Typography, especially in the digital age has allowed readers to stop reading, with the introduction of things such as hyperlinks. This is also aspirant for physical books as well with contents pages, and page numbers etc. As well as this punctuation can be used to highlight specific areas of text, allowing a reader to jump around a page.
Punctuation and spacing is vital for the legibility of a piece of writing to be read as speech, the alphabet denotes the sounds made but the way in which its said is completely defined by the punctuation. The spacing of a text also allows the reader to flow through the text, so a classic deconstructionist trait is to alter spacing to confuse the reader and change meanings.
            Before the introduction of print and digital text, books and texts were handwritten, as a result, due to human error, there were mistakes made in the reproduction of texts, taking into account, translations and the tone of voice used by the copiers, which in turn affect the way it is read by the reader. However with the induction of print into, mass production, all copiers would become the same, even if mistakes were made in them. As a result people would read the same tones, and conversation.
However with the introduction of the Internet, web texts have seen huge popularity. This in terms of deconstructivism, has taken a U-turn. As web texts are obviously written by many different people, and can also be altered over and over. This creates problems in the way text is read on the web. The introduction of print helped, authors become the owners of text this was reiterated with the introduction of the copy write laws.
            Roland Barthes presented two opposing models of writing, in relation to the linearity of text, these were closed, fixed work versus the open unstable text in Barthes view, the work is a tidy, neatly packed object.
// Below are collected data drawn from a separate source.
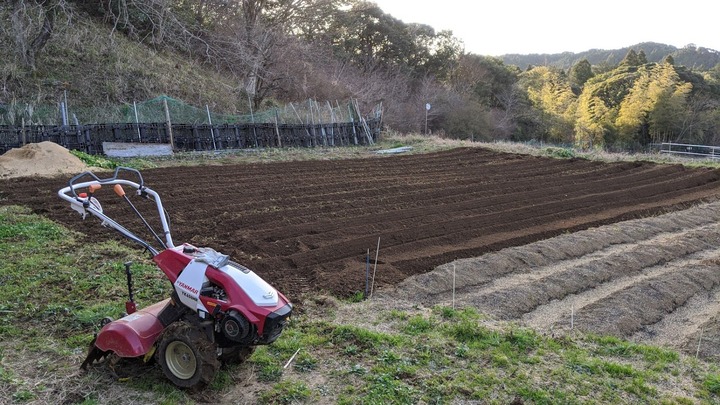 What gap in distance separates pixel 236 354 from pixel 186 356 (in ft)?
1.34

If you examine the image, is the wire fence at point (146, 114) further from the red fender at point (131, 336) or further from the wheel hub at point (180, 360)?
the wheel hub at point (180, 360)

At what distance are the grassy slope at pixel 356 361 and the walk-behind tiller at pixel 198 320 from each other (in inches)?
10.3

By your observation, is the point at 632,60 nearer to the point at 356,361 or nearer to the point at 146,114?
the point at 146,114

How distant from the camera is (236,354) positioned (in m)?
3.85

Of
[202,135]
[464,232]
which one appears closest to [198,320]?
[464,232]

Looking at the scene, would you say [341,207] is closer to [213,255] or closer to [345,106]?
[213,255]

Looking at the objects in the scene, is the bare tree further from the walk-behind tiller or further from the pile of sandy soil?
the walk-behind tiller

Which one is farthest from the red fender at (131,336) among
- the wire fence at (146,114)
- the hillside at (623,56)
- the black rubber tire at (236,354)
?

Print is considered by Barthes to create perfect text. Barthes saw navigational features of a book, as attacks on linearity.
Barthes believes that the reader plays the text, reading is the performance of the written word.




 The image above is by a designer called Allen Hori, who attended Cranbrook academy in the US, famous for being at the forefront on deconstructionist design. The title of the piece I am analyzing is “typography as discourse” which means typography as speech through words.
            Typically with deconstruction, you are not immediately drawn to a start point of the piece, unlike that of a piece of text, where you are told where to look. This piece leaves the reader to choose where to begin interpreting it.
            The typography used on the image is unstructured, free from any graphically excepted grid, its pushing the boundaries of legibility.
            The spacing used is also a strong indication of deconstruction, with again inconstancy in spacing between letters, words. This makes the image harder to interpret for the onlookers. The image used on the piece, also draws you away from text, which feeds you the purpose of the poster, so this could also be considered deconstruction, as it is only making the piece harder to understand.
            Through out this image, there is irrational and spontaneous layout, pushing the boundaries of what is graphically accepted, and legibility. All these are typical features of desconstructivist design.